Wednesday, August 18, 2010

Linux Pad Implications: Canonical to add multitouch gestures in Ubuntu Linux 10.10 | Betanews

Citing manufacturer demand, Canonical founder Mark Shuttleworth said Monday that Ubuntu 10.10 would include the beginnings of the company's UTouch multitouch framework.

"Rather than single, magic gestures, we're making it possible for basic gestures to be chained, or composed, into more sophisticated 'sentences,'" he said in a blog post. "The basic gestures, or primitives, are like individual verbs, and stringing them together allows for richer interactions."

Work on adding multitouch functionality to Ubuntu began with 10.04, and testing was done on Dell XT2, HP tx2 tablets and the Lenovo T410s laptops. That work helped Canonical develop a framework that could be used across a broader range of devices.

"Our aim is to bring the natural, tactile experience of the world to the desktop, window manager, and applications you value," the company wrote in announcing UTouch.

While the move puts Ubuntu Linux on a level playing field with Mac OS X in terms of multitouch, it may take a while before users see such features due to the disparate way Linux is developed. For example, the GNOME desktop environment would likely need the most work to support multitouch. In fact, one of the developers behind that platform was on the development team.

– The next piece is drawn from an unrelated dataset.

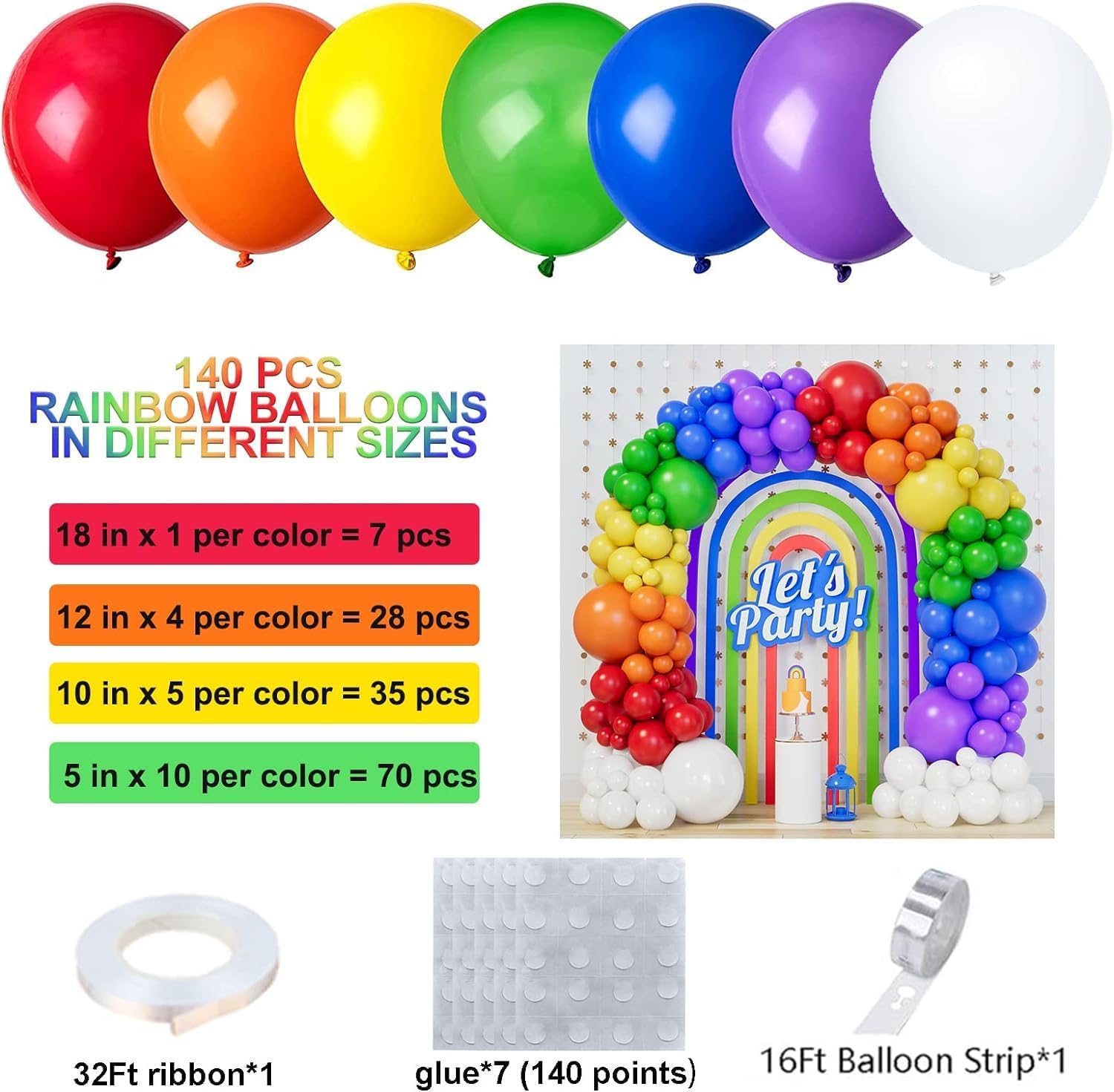 Detalle de Rainbow Balloons 140pcs Assorted Sizes Colour Latex Balloons – Multicolour Party Kit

How fast it spreads to other platforms and applications entirely depends on the developers themselves, so it's hard to say how soon multitouch will become commonplace in Linux. Canonical will do what it can to speed up that process - UTouch 1.0 has been released as an API and gesture-recognition engine, under the GPLv3 and LGPLv3.

Multitouch would probably see its tightest integration in Ubuntu Unity, which is the operating systems's solution for netbook computers. Shuttleworth said that Canonical hopes to bring better compatibility for multitouch with Ubuntu 11.04, which is due next April.